The Influence of Green Groups on the Policy of the United States


Abstract: This research examines the relationship between environmental groups
and the policies of the United States. The United States political system has
been historically anthropocen-tric, or human centered. Environmental groups
have been attempting to change this to a biocentric or ecocentric viewpoint,
which includes the rights of animals and the environment. These views are
nature centered instead of human centered. This study will answer the question
of whether these groups have been effective at altering United States policies.
This will be done through the study of views offered by both sides. Also, a
survey will be used to determine whether congressmen views are consistent with
environmentalist views. It will also present whether policy change has taken
place, and if these changes have remained intact through the study of past
congressional decisions.

Research Problem

1. Research Question

Have environmental groups' strategies been successful at altering the policies
of the United States?

2. Rational for the Research

This research will help environmental groups to identify the effectiveness of
their strategies. This is necessary for these groups to effectively alter the
policies of the United States, which is one of the largest polluters in the
world. If their strategies are ineffective then it will be necessary for them to
reassess their methods. Without the use productive methods these groups will
not be able to protect the environment. Animals, plants and the entire
ecosystem must have the same protection as humans have. An ecocentric viewpoint
establishes the right of the environment to have legal standing. This gives
people the ability to defend the right of an animal to exist with the same
rights as humans. Without this protection, people will be just as negatively
affected as the environment. The earth must be thought of as a living organism,
if one part is hurt then the whole planet will feel the effects. Unfortunately,
business and governments take the stance that the earth is more like a machine.
That is, at times if a part is hurt it can be repaired, without it effecting the
whole system.

Literature Review

The literature on environmental groups and their influence and activities is
vast. Several themes concerning the groups' influence in changing United
States policy exist. The American Psychological Association has done studies on
ecocentric and anthropocentric attitudes (Thomas, 1994). Ecocentric values have
arisen recently as environmental problems have come to the public's attention.
Anthropocentric values have existed much longer. They have become
institutionalized into our political and economic system.

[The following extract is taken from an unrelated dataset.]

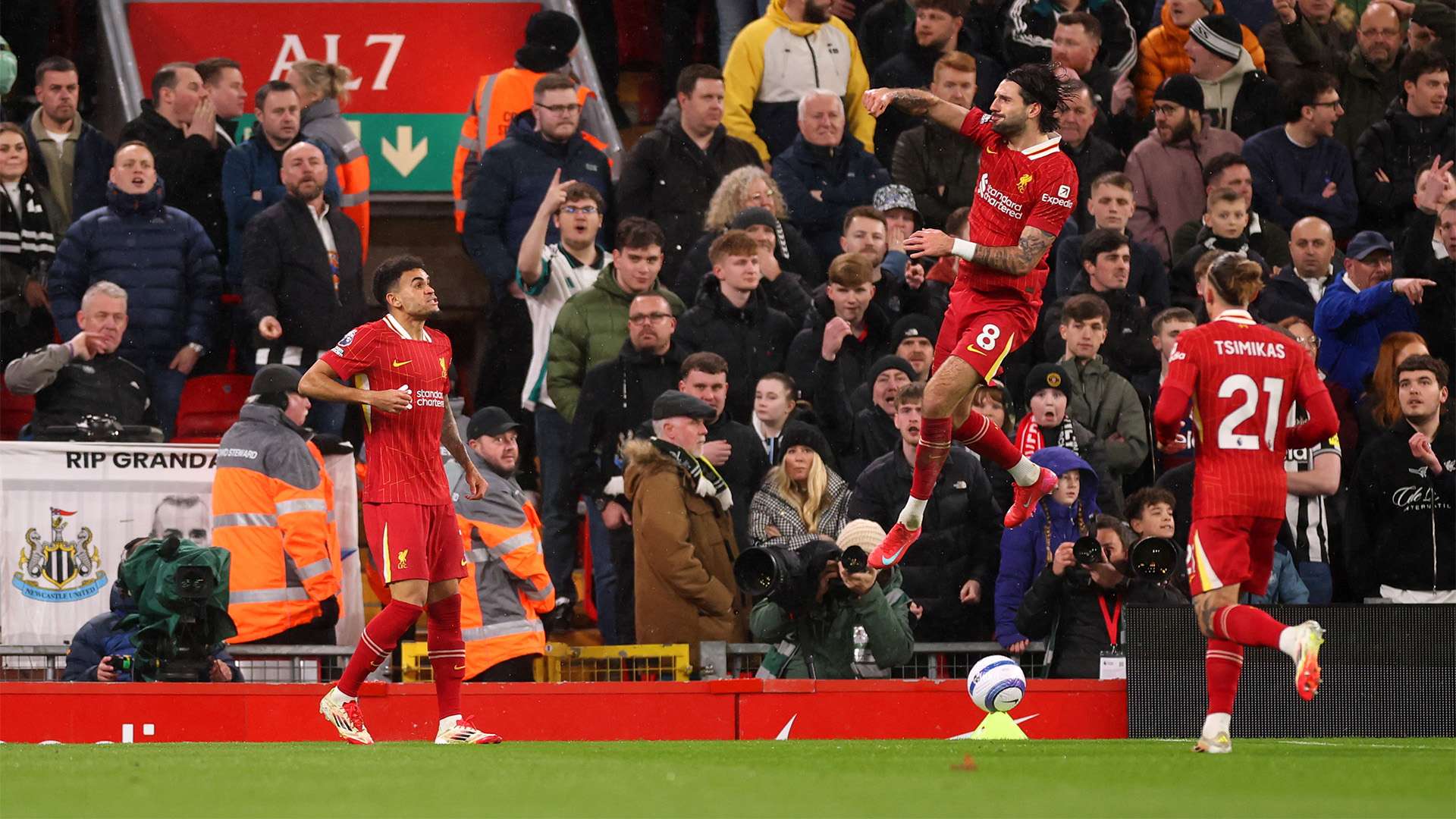 球迷对他的 球迷对他的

The movement toward environmental awareness arose in the political activism in
the 60's. Although these values have recently been declining according to
Finger (1993). These biocentric and anthropocentric views are also examined by
Wildes (1995). Wildes also explains the beginning of the movement in the 60's,
and the number of similar theories developed during the same era. In his study
he applies neo-marxism to the relationship towards Man and Nature. By doing
this he shows how the government and industry uses the environment for its own
use, often neglecting the resulting effects.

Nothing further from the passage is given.